We are here tonight to honour Eli the man. A man we all loved, in our different ways, who touched our hearts and lives such that now, what seems an eternity but is, I suppose, just a short time after his death, we gather again to remember how we loved him.

Some of us knew Eli mostly as that man. A man of deep compassion and ocean-wide acceptance, with an evergreen spring of sweetness in his character that, even in the darkest of times, shone through those gorgeous turquoise eyes. At the end of his life it did more – it suffused the air around him and enveloped everyone around him.

Some of us were blessed enough to know the child from whom that man was born. Eli the child was the dearest of darlings, sleek and brown and round as a polished teak Buddha, with a beatific smile and contemplative soul that befitted the comparison. Committed to doing things in his own time, Eli bestowed the most mundane of tasks with an attention some devote only to prayer.. Long before he could read, Eli was famous in the family for taking a considered collection of reading material to the bathroom, bestowing even this most mundane of all human tasks with a dignified consideration that would become a hallmark of his character.

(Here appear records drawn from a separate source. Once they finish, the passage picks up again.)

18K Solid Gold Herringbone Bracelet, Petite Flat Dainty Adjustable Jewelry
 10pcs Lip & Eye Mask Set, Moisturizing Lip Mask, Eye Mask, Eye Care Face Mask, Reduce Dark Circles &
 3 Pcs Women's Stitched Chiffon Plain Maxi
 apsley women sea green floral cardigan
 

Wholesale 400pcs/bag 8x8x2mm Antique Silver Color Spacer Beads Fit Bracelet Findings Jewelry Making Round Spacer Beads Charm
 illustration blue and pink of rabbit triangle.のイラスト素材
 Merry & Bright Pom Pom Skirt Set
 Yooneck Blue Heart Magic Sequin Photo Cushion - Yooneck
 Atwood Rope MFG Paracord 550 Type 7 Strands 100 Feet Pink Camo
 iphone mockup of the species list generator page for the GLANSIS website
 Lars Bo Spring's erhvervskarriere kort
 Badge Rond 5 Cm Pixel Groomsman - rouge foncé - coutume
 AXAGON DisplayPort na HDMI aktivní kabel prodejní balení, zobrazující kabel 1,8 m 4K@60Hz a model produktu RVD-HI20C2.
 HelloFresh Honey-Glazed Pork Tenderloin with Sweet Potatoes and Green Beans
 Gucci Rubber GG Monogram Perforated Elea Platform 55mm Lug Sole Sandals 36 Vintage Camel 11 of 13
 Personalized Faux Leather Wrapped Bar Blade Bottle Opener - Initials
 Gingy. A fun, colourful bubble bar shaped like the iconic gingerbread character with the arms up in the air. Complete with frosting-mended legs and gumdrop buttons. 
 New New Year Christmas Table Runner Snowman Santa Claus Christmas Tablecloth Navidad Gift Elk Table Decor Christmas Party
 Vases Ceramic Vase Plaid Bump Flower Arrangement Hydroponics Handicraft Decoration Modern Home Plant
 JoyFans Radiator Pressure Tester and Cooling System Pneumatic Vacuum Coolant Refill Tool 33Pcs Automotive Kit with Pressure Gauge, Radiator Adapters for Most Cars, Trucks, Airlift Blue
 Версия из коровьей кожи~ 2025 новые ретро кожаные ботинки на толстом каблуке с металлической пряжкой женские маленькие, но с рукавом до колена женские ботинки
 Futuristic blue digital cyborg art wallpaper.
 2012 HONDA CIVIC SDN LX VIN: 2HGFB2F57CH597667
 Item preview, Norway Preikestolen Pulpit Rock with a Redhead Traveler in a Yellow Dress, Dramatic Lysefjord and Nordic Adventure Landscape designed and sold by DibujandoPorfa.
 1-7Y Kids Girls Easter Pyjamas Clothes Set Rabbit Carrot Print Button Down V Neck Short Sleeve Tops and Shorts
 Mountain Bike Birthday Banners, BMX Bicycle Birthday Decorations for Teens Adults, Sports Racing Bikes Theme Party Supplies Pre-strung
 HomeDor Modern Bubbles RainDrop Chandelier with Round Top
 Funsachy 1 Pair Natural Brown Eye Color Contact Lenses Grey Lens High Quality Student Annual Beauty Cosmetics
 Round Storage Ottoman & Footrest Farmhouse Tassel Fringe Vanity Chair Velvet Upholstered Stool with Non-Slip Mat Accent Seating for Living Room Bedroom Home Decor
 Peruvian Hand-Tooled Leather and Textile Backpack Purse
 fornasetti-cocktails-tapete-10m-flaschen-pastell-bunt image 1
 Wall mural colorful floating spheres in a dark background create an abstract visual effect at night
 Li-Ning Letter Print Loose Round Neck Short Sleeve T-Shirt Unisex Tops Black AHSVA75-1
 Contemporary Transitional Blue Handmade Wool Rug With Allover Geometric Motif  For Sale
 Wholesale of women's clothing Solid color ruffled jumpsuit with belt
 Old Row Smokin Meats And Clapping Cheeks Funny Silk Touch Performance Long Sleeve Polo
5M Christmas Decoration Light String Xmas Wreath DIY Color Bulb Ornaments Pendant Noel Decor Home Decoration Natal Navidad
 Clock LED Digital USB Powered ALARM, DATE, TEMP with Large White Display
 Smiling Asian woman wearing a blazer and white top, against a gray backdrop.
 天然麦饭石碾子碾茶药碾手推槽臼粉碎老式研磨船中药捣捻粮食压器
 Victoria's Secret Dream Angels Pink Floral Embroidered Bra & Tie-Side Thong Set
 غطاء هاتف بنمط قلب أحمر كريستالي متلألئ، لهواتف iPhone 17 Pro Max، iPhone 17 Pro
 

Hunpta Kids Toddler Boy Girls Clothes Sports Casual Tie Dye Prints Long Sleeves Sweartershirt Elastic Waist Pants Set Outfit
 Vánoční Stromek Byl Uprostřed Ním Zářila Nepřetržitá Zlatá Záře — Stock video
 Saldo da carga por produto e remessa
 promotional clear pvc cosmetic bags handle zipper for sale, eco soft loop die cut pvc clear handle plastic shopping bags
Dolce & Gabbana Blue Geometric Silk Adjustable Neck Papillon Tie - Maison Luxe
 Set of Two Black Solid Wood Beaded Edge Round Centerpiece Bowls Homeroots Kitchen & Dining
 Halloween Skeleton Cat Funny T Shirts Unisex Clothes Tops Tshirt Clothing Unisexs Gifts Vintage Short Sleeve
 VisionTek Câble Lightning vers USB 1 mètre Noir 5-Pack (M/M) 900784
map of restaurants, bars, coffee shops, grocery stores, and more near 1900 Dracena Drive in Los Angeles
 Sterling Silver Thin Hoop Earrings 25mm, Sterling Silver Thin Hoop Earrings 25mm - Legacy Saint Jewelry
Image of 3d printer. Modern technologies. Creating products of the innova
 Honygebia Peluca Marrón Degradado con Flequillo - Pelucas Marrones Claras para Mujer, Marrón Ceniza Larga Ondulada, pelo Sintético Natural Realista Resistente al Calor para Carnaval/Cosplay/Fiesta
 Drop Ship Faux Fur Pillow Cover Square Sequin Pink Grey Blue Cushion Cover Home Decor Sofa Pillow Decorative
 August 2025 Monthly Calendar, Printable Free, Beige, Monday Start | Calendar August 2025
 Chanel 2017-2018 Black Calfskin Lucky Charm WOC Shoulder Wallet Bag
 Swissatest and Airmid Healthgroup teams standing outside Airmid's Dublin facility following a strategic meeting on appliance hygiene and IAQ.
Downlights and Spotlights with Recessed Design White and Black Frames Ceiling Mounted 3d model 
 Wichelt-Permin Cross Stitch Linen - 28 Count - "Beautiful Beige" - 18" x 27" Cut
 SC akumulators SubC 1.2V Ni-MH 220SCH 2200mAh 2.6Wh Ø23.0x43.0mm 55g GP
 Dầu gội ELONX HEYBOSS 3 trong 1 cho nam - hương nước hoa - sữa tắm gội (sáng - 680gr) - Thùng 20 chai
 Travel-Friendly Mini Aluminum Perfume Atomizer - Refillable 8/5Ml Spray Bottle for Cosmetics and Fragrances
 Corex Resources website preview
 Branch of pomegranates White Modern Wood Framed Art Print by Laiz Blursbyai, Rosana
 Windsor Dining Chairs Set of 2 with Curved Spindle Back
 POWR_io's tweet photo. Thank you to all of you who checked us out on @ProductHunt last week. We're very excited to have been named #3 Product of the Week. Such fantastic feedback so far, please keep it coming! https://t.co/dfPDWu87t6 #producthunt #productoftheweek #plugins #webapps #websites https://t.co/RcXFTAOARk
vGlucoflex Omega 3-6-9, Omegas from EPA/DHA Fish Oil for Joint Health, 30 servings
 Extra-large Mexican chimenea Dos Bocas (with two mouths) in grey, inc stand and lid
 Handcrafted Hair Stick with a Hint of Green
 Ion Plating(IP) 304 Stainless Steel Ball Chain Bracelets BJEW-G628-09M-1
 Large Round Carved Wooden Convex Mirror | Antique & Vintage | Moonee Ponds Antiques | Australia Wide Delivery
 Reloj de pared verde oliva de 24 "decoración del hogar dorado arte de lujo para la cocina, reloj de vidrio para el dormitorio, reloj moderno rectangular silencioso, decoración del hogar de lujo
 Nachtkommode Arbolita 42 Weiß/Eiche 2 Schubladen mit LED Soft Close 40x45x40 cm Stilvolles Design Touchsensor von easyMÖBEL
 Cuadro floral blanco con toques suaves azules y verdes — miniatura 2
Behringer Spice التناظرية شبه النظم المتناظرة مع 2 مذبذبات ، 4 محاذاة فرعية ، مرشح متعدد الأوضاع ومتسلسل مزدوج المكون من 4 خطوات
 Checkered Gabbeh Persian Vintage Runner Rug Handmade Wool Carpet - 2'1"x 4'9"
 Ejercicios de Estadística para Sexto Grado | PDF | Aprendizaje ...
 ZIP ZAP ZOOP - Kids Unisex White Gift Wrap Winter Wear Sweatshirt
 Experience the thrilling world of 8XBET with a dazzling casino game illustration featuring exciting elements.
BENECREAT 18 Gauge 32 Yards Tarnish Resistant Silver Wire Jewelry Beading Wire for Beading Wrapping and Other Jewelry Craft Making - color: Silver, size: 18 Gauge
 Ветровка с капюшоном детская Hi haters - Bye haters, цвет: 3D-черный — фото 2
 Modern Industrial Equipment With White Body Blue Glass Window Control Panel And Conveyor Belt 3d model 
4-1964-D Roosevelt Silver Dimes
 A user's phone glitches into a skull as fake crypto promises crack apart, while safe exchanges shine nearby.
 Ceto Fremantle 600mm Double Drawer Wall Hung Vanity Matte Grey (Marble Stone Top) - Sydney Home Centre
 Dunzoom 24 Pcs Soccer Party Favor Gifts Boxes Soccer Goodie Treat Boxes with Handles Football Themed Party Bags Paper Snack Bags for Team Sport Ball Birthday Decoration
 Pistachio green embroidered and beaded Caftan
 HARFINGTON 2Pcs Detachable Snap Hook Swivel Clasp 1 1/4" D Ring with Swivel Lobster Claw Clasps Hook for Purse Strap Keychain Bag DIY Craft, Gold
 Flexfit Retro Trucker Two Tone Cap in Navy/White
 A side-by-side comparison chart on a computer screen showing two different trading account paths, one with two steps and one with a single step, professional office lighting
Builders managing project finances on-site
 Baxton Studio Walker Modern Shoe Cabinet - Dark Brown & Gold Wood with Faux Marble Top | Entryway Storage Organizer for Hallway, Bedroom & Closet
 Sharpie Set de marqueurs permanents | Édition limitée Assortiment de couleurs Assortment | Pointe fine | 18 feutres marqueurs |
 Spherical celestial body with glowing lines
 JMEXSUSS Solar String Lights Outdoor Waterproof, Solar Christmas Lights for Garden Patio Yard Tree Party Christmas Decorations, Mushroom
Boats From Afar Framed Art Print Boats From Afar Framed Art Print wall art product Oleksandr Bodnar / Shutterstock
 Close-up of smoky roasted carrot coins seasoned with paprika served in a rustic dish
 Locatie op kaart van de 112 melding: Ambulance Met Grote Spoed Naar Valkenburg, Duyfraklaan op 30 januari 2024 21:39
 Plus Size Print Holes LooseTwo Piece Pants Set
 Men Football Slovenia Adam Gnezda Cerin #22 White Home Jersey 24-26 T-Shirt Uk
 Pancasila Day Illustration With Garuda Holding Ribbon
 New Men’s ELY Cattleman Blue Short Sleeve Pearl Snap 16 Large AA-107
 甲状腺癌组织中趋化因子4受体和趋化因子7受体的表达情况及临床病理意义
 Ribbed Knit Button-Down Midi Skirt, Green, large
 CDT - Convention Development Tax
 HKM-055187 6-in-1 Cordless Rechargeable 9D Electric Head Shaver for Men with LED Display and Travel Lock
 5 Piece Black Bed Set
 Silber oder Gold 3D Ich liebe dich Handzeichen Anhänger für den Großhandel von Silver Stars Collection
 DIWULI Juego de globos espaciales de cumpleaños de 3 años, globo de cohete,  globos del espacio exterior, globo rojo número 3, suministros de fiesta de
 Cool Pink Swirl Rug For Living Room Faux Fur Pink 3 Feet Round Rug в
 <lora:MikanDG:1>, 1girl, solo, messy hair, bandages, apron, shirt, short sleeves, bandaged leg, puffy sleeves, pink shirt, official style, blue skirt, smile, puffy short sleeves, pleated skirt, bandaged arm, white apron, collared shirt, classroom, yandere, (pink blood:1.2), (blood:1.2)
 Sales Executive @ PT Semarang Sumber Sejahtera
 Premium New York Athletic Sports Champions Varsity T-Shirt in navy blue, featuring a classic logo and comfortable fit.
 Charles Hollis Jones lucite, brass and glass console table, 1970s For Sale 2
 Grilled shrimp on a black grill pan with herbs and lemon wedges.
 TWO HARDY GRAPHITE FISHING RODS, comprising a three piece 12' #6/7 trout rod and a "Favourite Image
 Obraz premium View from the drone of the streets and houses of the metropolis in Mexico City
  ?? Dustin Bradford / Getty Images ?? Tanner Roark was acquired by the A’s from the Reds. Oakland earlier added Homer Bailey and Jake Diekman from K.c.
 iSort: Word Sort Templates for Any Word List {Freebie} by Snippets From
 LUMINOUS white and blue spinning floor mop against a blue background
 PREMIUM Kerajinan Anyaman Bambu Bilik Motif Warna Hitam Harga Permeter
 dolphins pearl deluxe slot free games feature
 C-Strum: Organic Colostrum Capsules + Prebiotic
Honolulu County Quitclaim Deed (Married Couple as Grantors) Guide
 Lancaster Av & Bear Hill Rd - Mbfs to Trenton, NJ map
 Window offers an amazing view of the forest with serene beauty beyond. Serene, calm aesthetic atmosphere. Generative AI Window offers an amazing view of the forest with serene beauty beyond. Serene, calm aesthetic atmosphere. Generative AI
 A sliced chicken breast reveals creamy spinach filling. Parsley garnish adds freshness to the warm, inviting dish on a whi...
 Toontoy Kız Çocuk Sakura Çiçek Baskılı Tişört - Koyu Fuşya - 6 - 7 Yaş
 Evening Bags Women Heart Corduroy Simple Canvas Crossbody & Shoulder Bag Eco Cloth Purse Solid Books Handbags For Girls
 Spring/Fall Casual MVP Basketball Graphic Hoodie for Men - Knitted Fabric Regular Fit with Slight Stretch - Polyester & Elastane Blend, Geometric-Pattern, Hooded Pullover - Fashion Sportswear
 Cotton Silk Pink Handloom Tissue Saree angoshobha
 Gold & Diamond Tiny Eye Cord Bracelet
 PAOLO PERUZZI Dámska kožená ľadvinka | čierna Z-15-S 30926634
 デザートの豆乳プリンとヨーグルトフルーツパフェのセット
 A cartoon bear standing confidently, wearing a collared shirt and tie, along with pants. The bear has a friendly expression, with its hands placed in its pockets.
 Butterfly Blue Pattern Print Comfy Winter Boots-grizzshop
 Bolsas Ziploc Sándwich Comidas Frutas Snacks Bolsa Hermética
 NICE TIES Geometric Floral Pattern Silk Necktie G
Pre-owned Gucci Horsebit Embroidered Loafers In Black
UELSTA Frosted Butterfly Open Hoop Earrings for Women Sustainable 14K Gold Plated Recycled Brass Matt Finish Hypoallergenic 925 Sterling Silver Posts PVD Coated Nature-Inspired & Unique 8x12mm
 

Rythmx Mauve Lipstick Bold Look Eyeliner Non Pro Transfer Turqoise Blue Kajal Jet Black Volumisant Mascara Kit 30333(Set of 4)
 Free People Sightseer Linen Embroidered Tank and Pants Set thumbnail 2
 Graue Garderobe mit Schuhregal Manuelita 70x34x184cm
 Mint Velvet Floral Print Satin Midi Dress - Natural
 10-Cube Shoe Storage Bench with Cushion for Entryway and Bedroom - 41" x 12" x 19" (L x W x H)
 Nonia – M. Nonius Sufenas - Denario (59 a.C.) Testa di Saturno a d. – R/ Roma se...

Eli the child has been most at the surface of my thoughts of late, and just three nights ago I had a dream. I have a little son of my own now, and he joins me on the kitchen bench in the evenings while I cook. In my dream, Eli the child was sitting in this place on the kitchen bench, in his childhood garb of short stubbies and a t-shirt, bestowing my kitchen with that calm turquoise gaze and giving it his blessing with his Buddha smile. I looked up from my stove and saw him, and my delight was just awesome – “I thought you were dead!!” I cried.”

“I’m not dead.” He said, and simply sat calmly on the bench as I buried my face in his tiny lap and sobbed and sobbed… “Oh, thank god. I love you.”

And then I woke up. You will all no doubt know what it is to wake into the knowledge that something is wrong and then to have the wrongness crash upon you as the world grinds into movement for another day. And from the love and relief of my dream came the sorrow – for myself, for Jan and Nigel and Joel whose grief is unknowably deep, and for the world bereft of this little soul and the man he became.

In the three days since then I have thought a lot about my dream, and all that I can think to take from it is the love I felt. The relief can never come, but I think  that none the beloved ones, who look over at us from the other side of death, would want their passing to make us hate more, or fear more, because they were taken away. The world is still beautiful – it must be, because it gave us Eli. And all that love that Eli gave us, the love that’s brought us here tonight, maybe it’s now our job to pass it on. To make sure the world can still benefit from that evergreen sweetness. As the world grinds on and we, however reluctantly, get on with the rest of our lives, I think Eli will be pleased to see us acting in the light of our love for him. Because of if I’ve learned anything from all this, it’s that love is all we have.